0
votes

As I understood, the watermark is is last seen event time - late threshold. So if the last seen event time is 12:11 and the late threshold is 10 minutes the watermark is 12:01. Since 12:01 is later than the window start time of 12:00 it's state is dropped.

But I wrote query:

stream
  .withWatermark("created", "2 seconds")
  .groupBy(
    window($"created", "2 seconds", "2 seconds"),
    $"animal"
  )
  .count()
  .writeStream
  .format("console")
  .outputMode(OutputMode.Update())

And the output:

[2021-02-22 16:06:40.0,2021-02-22 16:06:42.0]:dog
[2021-02-22 16:06:40.0,2021-02-22 16:06:42.0]:owl
[2021-02-22 16:06:40.0,2021-02-22 16:06:42.0]:cat
[2021-02-22 16:06:34.0,2021-02-22 16:06:36.0]:pig

Last event time: 2021-02-22 16:06:41.696 in the window 40-42 sec

Pig time: 2021-02-22 16:06:35.696

Aa you can see, pig exist in window 34-36, but threshold is 2 seconds.

Why I can see pig int the output?

Interesting thing: if I push pig at the same time as other events but with the old timestamp, this event is added to the result set.
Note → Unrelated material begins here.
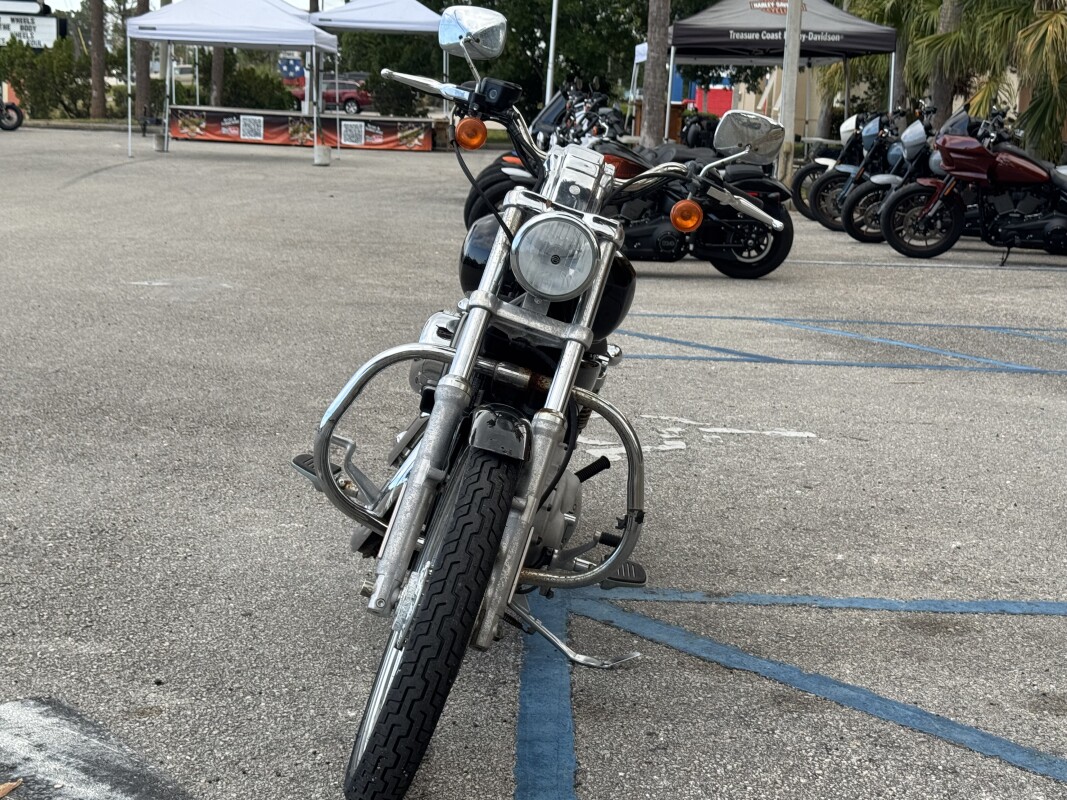 Sportster 883 Custom - Photo 3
But if the event is pushed after 2 seconds (threshold) with the same timestamp, it will not be shown in the result set.

1

1 Answers

0
votes

I push all data to the stream in one batch. And at that time, there is no watermark yet, that why I can see old event in the result set. If I push some data to the stream, set ProcessingTime, for example 100ms, and after 100ms will push old data, the result will be expected.